期刊名称:Computational and Structural Biotechnology Journal
印刷版ISSN:2001-0370
出版年度:2020
卷号:18
页码:3434-3446
DOI:10.1016/j.csbj.2020.10.028
出版社:Computational and Structural Biotechnology Journal
摘要:In this work, we provide a computational method of regularized logistic regression for discovering biomarkers of spontaneous preterm birth (SPTB) from gene expression data. The successful identification of SPTB biomarkers will greatly benefit the interference of infant gestational age for reducing the risks of pregnant women and preemies. In recent years, various approaches have been proposed for the feature selection of identifying the subset of meaningful genes that can achieve accurate classification for disease samples from controls. Here, we comprehensively summarize the regularized logistic regression with seven effective penalties developed for the selection of strongly indicative genes of SPTB from microarray data. We compare their properties and assess their classification performances in multiple datasets. It shows that elastic net, lasso, L 1 / 2 and SCAD penalties get the better performance than others and can be successfully used to identify biomarkers of SPTB. Particularly, we make a functional enrichment analysis on these biomarkers and construct a logistic regression classifier based on them.
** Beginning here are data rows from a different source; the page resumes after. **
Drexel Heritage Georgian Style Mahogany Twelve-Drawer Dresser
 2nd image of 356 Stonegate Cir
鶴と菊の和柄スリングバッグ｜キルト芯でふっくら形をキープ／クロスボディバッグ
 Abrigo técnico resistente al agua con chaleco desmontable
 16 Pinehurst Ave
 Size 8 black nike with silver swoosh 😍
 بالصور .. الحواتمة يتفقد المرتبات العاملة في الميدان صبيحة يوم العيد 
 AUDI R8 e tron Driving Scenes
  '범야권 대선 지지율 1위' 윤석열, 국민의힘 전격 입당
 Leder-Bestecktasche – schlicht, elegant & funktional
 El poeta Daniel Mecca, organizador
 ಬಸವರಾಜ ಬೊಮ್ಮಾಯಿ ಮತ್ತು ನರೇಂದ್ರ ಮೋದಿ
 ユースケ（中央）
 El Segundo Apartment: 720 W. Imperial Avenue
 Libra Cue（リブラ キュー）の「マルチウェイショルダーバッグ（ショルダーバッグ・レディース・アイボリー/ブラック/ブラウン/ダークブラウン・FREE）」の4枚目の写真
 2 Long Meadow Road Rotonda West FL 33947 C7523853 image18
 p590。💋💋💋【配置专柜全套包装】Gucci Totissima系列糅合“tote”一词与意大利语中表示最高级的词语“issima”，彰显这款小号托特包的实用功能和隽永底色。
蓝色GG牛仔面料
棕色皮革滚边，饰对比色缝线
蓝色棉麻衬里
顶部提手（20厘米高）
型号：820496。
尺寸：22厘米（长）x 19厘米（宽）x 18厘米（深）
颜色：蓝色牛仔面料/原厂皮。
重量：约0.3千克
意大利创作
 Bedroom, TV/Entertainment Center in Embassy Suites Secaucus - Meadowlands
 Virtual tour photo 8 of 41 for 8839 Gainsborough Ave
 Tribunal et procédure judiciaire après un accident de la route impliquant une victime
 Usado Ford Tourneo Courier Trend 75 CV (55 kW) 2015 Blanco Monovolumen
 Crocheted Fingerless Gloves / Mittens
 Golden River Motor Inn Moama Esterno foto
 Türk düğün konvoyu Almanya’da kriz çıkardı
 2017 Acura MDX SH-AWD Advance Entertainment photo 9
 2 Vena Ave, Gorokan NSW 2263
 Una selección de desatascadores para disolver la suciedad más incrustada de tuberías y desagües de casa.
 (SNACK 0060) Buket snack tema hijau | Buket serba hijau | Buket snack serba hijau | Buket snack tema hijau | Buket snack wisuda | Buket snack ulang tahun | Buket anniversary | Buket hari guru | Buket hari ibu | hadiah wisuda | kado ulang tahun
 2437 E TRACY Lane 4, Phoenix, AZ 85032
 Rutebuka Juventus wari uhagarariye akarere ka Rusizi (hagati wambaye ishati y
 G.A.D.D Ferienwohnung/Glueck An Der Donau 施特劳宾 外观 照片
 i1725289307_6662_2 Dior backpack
The classifier generates an indicator of preterm risk score (PRS) for predicting SPTB. Based on the trained predictor, we verify the identified biomarkers on an independent dataset. The biomarkers achieve the AUC value of 0.933 in the SPTB classification. The results demonstrate the effectiveness and efficiency of the built-up strategy of biomarker discovery with regularized logistic regression. Obviously, the proposed method of discovering biomarkers for SPTB can be easily extended for other complex diseases.